Di Indonesia yang mengenyam demokrasi selama 67 tahun, dipotong masa pemerintahan Suharto 32 tahun, jadi kira-kira tinggal separuhnya saja demokrasi yang sesungguhnya, era kebebasan pers masih dipijak secara ragu-ragu meski oleh dunia pers itu sendiri. Bagi diri saya pribadi -agar saya tidak bingung-, saya membagi Dunia Pers menjadi 2 (dua) secara tegas, yakni : Yang pertama Dunia Pers Profesional dan yang kedua adalah Dunia Pers Amatir. Dunia pers profesional adalah ada wartawan profesional reguler –pengertian profesional di sini bukan seperti dalam benak banyak orang yakni profesional sama dengan arti hebat dan jagoan-, namun profesional artinya adalah : Dibayar. Sementara Amatir di sini bukan pula seperti mind set banyak orang yakni Amatir sama dengan rendah, hina dan tidak ahli, namun dalam pengertian: Amatir adalah tidak dibayar, alias nir-upah.
Jika kategori antara pro dan amatir mewakili skill, maka siapapun juga bisa menjadi jurnalis handal asalkan telah mendapatkan pelatihan dan berpengalaman, pasti skill-nya akan meningkat (analogi dunia tinju amatir dan pro). Nah, di ranah pers amatir namun dapat berkeahlian bak jurnalis profesional inilah Citizen Journalism berkembang.
Yang memprihatinkan jika konsep citizen journalism (pewarta warga) yang telah sesuai dengan konstitusi kita berupa kebebasan berpendapat (pasal 28 F, UUD 1945), ini tidak disiram oleh semangat Warga Negara Indonesia untuk mengembangkannya, maka konsep Citizen Journalism ini bisa jadi hanya dibayangi ketakutan oleh UU ITE. Jika citizen journalism ini surut, maka dikhawatirkan era pemerinah otoritarian ala Suharto jelas kembali lagi, yakni era rezim yang tidak membuka kebebasan bersuara bagi warganya.
Kekhawatiran pewarta warga tidak perlu berlebihan untuk mulai menulis berita, jika anda memiliki topik yang menarik. Dan apalagi jika anda memiliki topik berita setingkat skandal yang serius melibatkan orang- orang yang penting pula, maka anda pun harus bersikap amatir yang berjiwa profesional, dalam arti biarpun tidak dibayar oleh siapapun juga asal anda memiliki bukti cukup, wawancara dan dokumen (bukti dalam pers ada dua yakni : hasil wawancara dan dokumen alias ‘people trail’ dan ‘paper trail’), juga bukti fisik yang menguatkan, dan bukanlah hanya sekedar asumsi belaka, bukan fitnah, kemudian anda memiliki bukti rekaman, baik audio maupun video yang valid, plus juga meminta pendapat sejumlah ahli tentang kasus yang anda tulis.
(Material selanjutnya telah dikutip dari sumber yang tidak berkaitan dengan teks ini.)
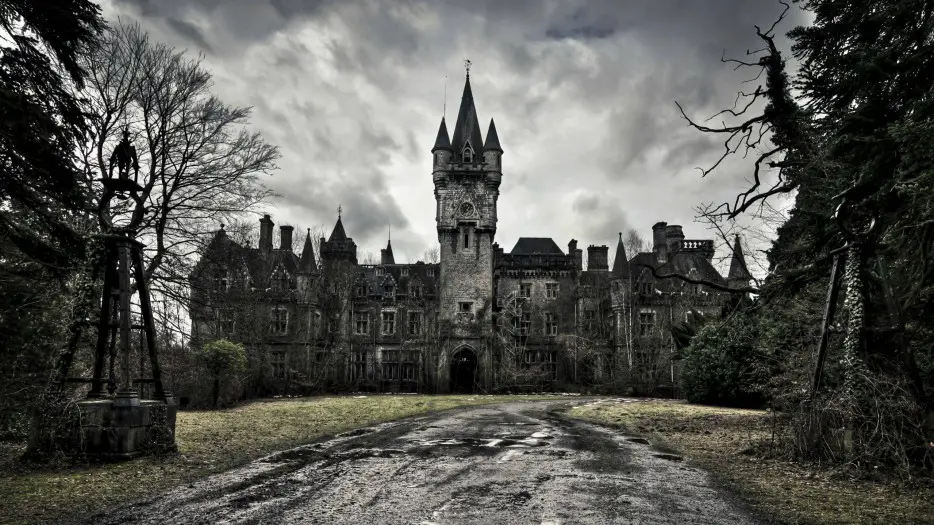 Miranda Castle is truly an eerie abandoned place.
Maka jika anda pun telah menulis dengan prinsip covering of both side atau telah berusaha meliput dari kedua sisi, maka topik hangat ini bisa anda tayangkan. Ini berarti kita telah siap apabila nantinya dijerat oleh UU ITE, karena bukti-bukti yang dimiliki oleh pewarta warga ini sudah sedemikian lengkapnya. Saya berpikir jika bukti sudah menancap sampai pada inti (core) dan rantai (link) yang melibatkan pelaku (person) secara kuat (significant), maka semua pihak yang terlibatpun akan merasa gamang jika sampai kasus ini dibuka di pengadilan secara umum melalui pintu UU- ITE.
Begitulah, karena kita harus pahami UU ITE  bagi pewarta warga, jika anda para calon pewarta warga maupun pewarta warga masih belum mampu menulis topik berat dan bernuansa berita besar sekaliber skandal politik nasional. Maka mulailah saja dengan topik yang paling membahagiakan diri anda dan orang lain, yakni orang yang anda liput, dan masyarakat yang membaca liputan anda. Seperti yang dilakukan oleh wartawan senior Bondan Winarno dalam ‘Wisata Kuliner’. Membahagiakan semuanya, yang punya warung senang, media senang, iklan ‘berenang’, dan pemirsa yang melihat juga cukup kenyang.
Namun jika selera anda keras dan berita anda seperti music heavy metal, keras dan membuat sakit telinga orang yang terlibat, maka chord atau nada anda harus pas, dalam arti sekali lagi bukti harus valid, relevan dan mampu menjadi alat bukti di pengadilan.
Ingat, slogan bahwa ‘Negara Indonesia adalah Negara Hukum’ dibuat bukan untuk menakut-nakuti tapi harusnya menjadi penerang jiwa yang sadar bahwa argumentasi berdasar kebenaran, keadilan dan akal sehat harus maju dan ditampilkan di muka pengadilan, guna melawan argumentasi dan penafsiran hukum dari pihak yang bersalah dan merugikan alam semesta kejujuran dan kebenaran. Saya yakin Tuhan Yang Maha Esa tidaklah tidur, dan orang yang curang pasti akan masuk jurang.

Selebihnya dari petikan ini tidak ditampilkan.